We show that an RPR fourfold antibody increase in the infant is not a sensitive feature and that an accurate investigation of maternal status remains the mainstay for a pre-symptomatic CS diagnosis. Previous literature often offers little information on the duration and the quality of the follow up program for CS [9, 10, 22, 23]. We underline the importance of a thorough neonatal follow-up that allowed us to suspect and then confirm 8 CS diagnoses after the neonatal period. This issue has also been emphasized by Kimball et al. [7] who described 67 symptomatic infants diagnosed beyond day of life 28 born in the USA between 2014 and 2018.

During this interval, the CDC also reports a total CS cases increase of 183% which has not been confirmed in European reports. In our area-based cohort, we have witnessed a significant increase over the years of suspected cases to be screened. It remains to be elucidated whether this might be due to the disease resurgence and/or to progress in regional networking against perinatal infections. In our opinion, the latter remains the preferable model for such a delicate public health matter. A dedicated unit has several advantages over the occasional CS diagnosis in any hospital.
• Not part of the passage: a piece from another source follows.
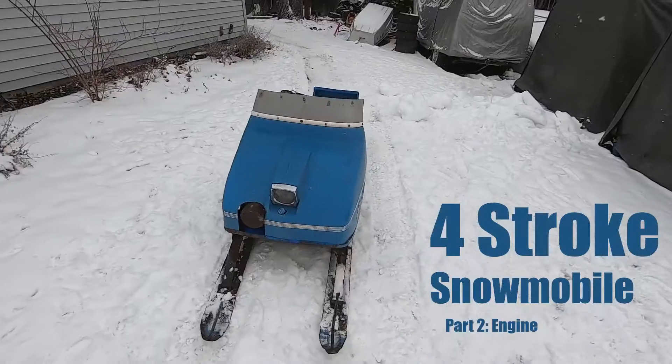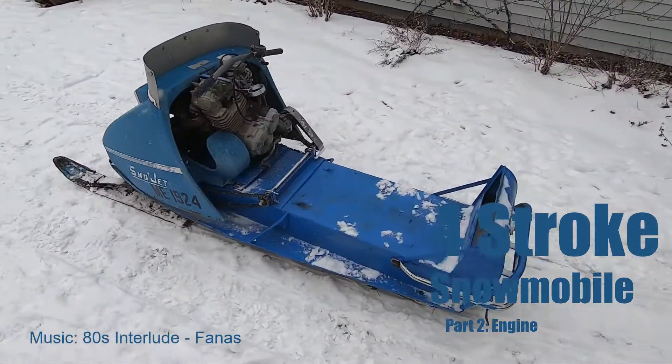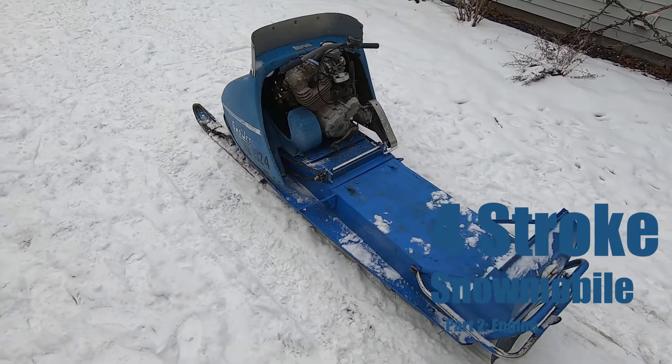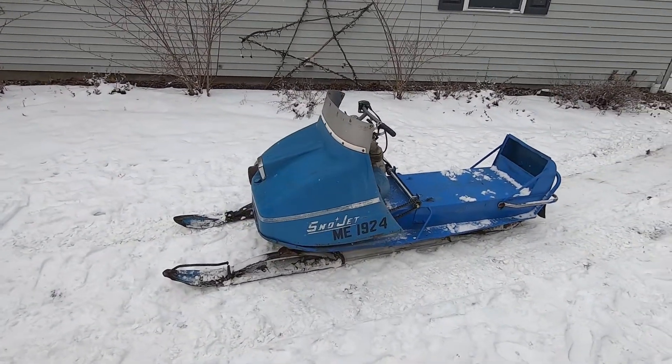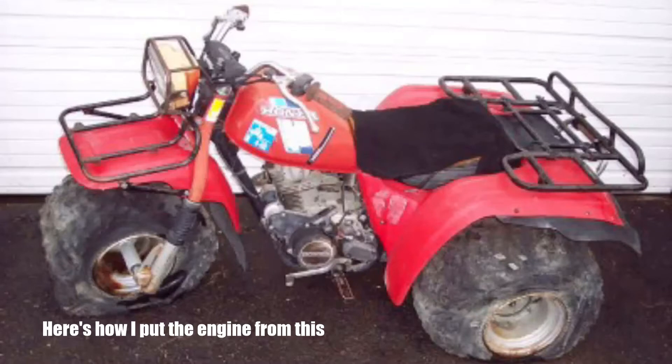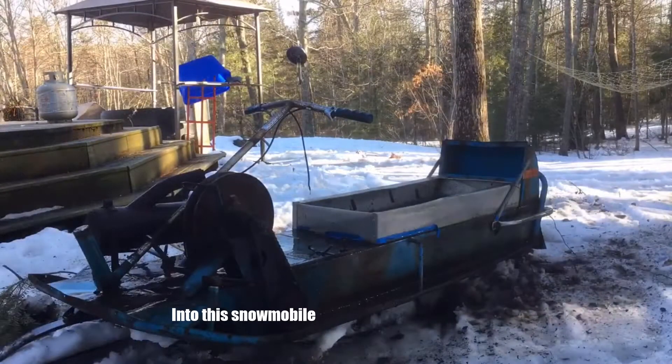Now I'm going to have to build a new sled. I'm going to show you guys how I took the motor out of an ATV and put it into the snowmobile.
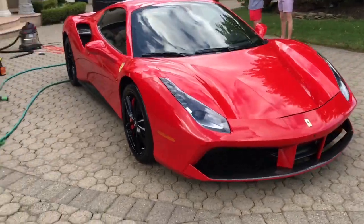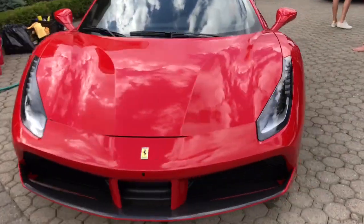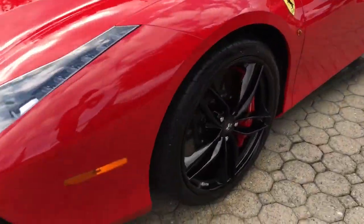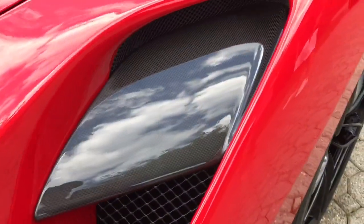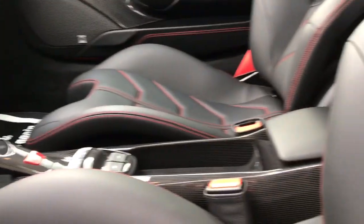Alright, the 488 is all clean. It's looking beautiful. Armwalls, tires, clean the rims. Carbon fiber is all clean — you can see on the door the carbon fiber is all clean, carbon fiber everywhere is all clean.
A SPIU keeps track of patients’ history and medical records, it concentrates specific expertise, participates to national and international registers, and promotes local prevention programs. These factors can both aid new clinical research and increase awareness on CS.

Conclusions

Fifteen years after a national cross-sectional study, we show that CS is still far from being eradicated in Italy. A specialized health care unit can help in the thorough surveillance of a population and implement preventive medicine.